From the end of WWII to the end of the 20th century, the primary way grocery stores changed was simply by square feet. I remember growing up in the late 1960’s/early 1970’s and saw our local McArdle’s IGA go from perhaps 12,000sf to maybe 40,000sf in three successive buildings over the span of only a decade. That same scenario played out across the nation as Baby Boomers wanted fed and brand marketers grew to meet the demand. Grocers became supermarkets which led to supercenters and warehouse stores in the bigger-is-better race.
Bigger reached its limit since the Great Recession in part because shoppers seem less interested in one-stop shopping and more interested in finding the best deal.

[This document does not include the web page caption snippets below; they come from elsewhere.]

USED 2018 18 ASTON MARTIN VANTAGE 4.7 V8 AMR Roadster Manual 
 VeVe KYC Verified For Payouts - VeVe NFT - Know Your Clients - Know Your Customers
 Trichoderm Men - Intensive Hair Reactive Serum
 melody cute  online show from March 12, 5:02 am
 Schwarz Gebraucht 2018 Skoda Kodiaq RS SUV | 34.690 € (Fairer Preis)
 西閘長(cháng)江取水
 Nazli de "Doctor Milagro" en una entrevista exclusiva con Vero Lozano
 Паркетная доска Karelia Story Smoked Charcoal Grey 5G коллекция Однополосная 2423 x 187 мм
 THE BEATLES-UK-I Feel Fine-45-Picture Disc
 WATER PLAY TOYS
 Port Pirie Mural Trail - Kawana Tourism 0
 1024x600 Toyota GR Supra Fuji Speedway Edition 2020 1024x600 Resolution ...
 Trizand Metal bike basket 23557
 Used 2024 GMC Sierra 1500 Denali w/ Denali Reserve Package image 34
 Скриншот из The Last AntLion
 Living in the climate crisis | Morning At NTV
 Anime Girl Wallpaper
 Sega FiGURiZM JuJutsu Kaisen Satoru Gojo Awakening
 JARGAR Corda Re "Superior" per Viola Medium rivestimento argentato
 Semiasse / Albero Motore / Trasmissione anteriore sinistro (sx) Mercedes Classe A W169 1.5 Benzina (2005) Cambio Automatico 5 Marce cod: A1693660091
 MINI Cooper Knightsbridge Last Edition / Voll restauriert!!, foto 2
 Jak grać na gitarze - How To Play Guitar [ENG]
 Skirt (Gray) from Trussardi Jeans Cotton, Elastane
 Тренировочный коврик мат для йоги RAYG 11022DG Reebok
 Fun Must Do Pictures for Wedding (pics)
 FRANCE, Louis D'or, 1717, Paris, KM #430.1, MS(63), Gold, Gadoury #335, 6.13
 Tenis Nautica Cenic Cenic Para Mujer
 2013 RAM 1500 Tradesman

For one shopper, “best deal” might mean lowest price; for another, most convenient; for another, it might be freshest or coolest or most unique.
Trader Joe’s stores fill old, smaller grocery store buildings, 365 by Whole Foods are quasi-convenience stores and Aldi’s is winning the private label, limited selection battle. People are buying staples at Kroger, bread at a local bakery, coffee at Starbucks, produce from a farmers’ market and beer from Burial Beer. In some ways, we’re reverting to buy from specialists, not one-size-fits-all megastores with all the same stuff.
Online shopping fits neatly into this pattern too as boutique e-tailers cater to narrow, specific tastes. Want greater convenience for items you predictably buy all the time? Amazon Subscribe and Save will make sure those diapers or paper towels show up just when you expect to need more.
Retail has never been more diverse, dynamic and challenging. Merchandising in those spaces takes nimbleness and specialized skills. The risks and rewards are high for marketers and retailers alike.